Hydrothermal carbonisation (HTC)
Hydrothermal carbonisation (HTC) converts wet biogenic residues into so-called hydrochar. The process uses the unusual properties of liquid water at high temperature (180-280 °C) and high pressure (10-65 bar). In addition to its properties as a solvent, water also functions as a reaction partner and heat carrier.
Biomass is rich in chemically bound oxygen. During HTC, so-called dehydration reactions take place, in which the chemically bound oxygen is split off in the form of water. What remains is the carbon contained in the biomass, now at significantly increased concentration.
The resulting hydrochar can be used for various applications. In addition to an energetic use (combustion or gasification), it can also be used e.g. as activated carbon or soil additive. Additionally, the HTC process enables the recovery of valuable nutrients such as nitrogen and phosphorus when using nutrient-rich, biogenic residues such as sewage sludge or liquid manure. These residues are the largest domestic sources of phosphorus for agriculture, but their application on agricultural land causes high nitrogen and phosphorus emissions to bodies of water and air. Nutrient recovery would help to sustainably close those nutrient cycles and protect the environment.

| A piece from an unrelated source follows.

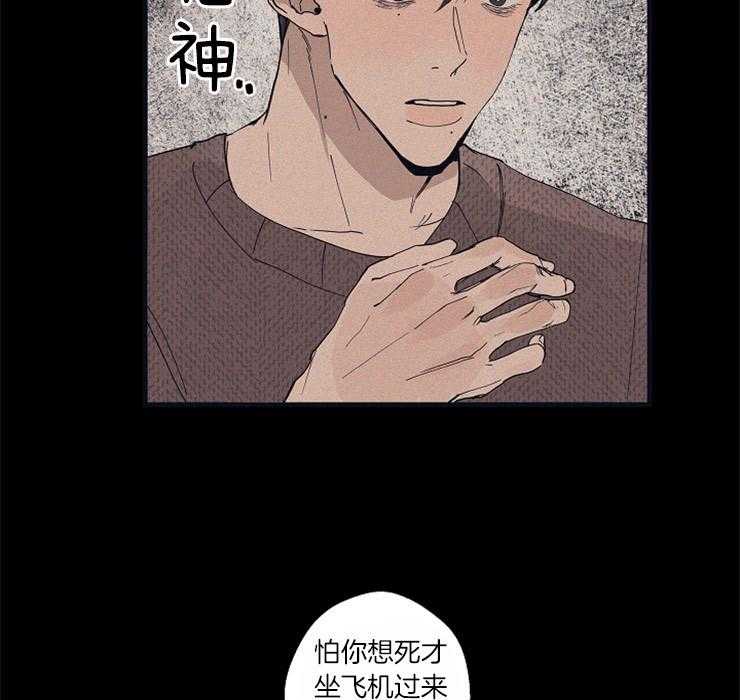 《T台热门（第一季）》漫画最新章节第26话 26_思索免费下拉式在线观看章节第【39】张图片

During HTC, bio-based platform chemicals also form in the process water. Under controlled process conditions interesting compounds such as 5-hydroxymethylfurfural (HMF), furfural and levulinic acid can be obtained. Those compounds are suitable, for the production of plastics, fuel precursors or additives and can replace fossil-based products. The HTC process water can also be used for biogas production.

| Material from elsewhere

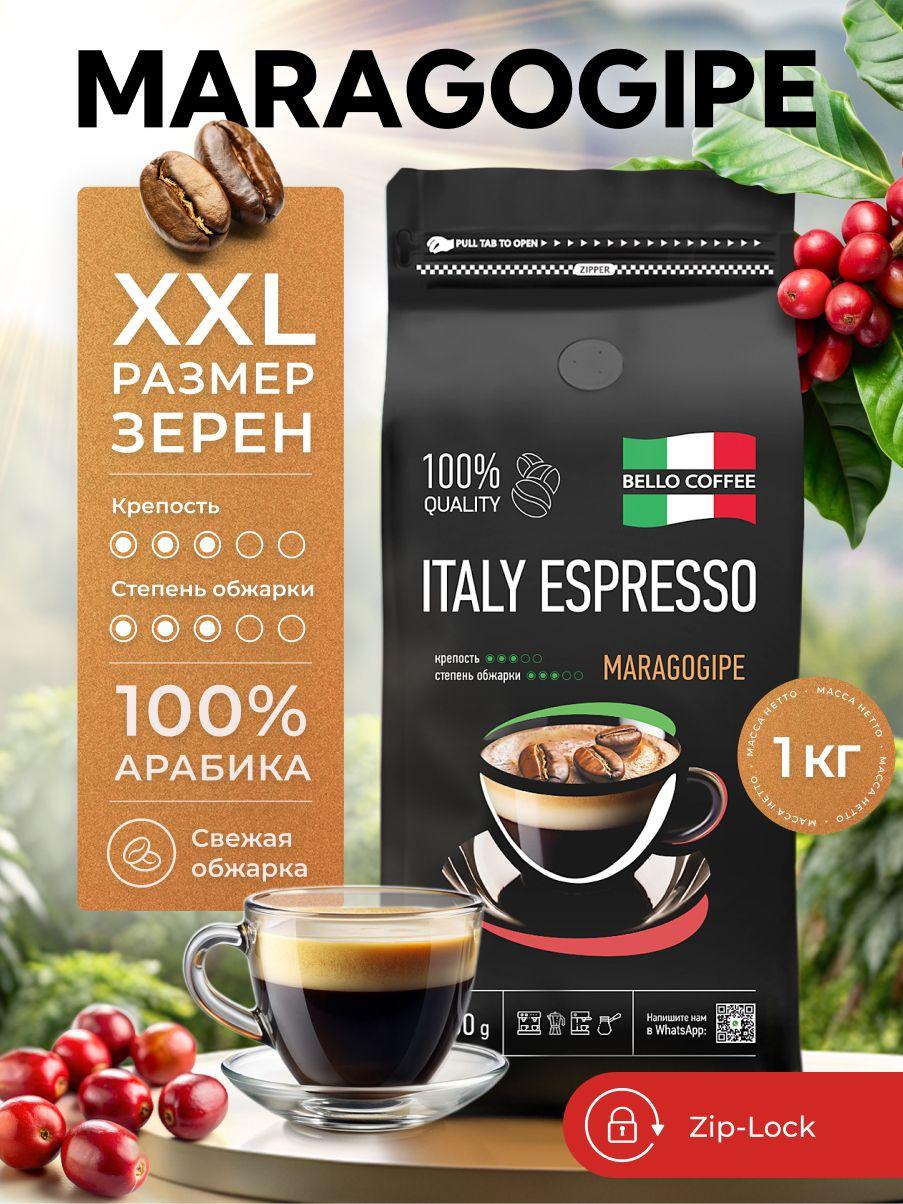 Кофе в зернах 1 кг Марагоджип Никарагуа, BELLO COFFEE ITALY ESPRESSO NICARAGUA MARAGOGIPE, 100% Арабика, свежеобжаренный зерновой кофе, средняя обжарка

Hydrothermal liquefaction (HTL)
Compared to HTC, hydrothermal liquefaction takes place at higher temperatures (250-400 °C) and pressures (30-250 bar) as well as shorter reaction times (5-60 min). Due to the much more severe reaction conditions, biomass is almost completely liquefied. The resulting liquid consists of two phases: an aqueous and an oily phase, also called bio-crude. While the aqueous phase contains mainly organic acids, the oily phase contains non-polar and aromatic hydrocarbons. The bio-crude oil can thus reach a calorific value between 30 and 36 MJ kg-1 depending on feedstock. However, the oil still contains an oxygen content between 10 and 20 %. By removing the oxygen with hydrogen (hydrogenation) and subsequent fractionation (rectification), the bio-oil can be processed into various fuels (kerosene, petrol, diesel etc.)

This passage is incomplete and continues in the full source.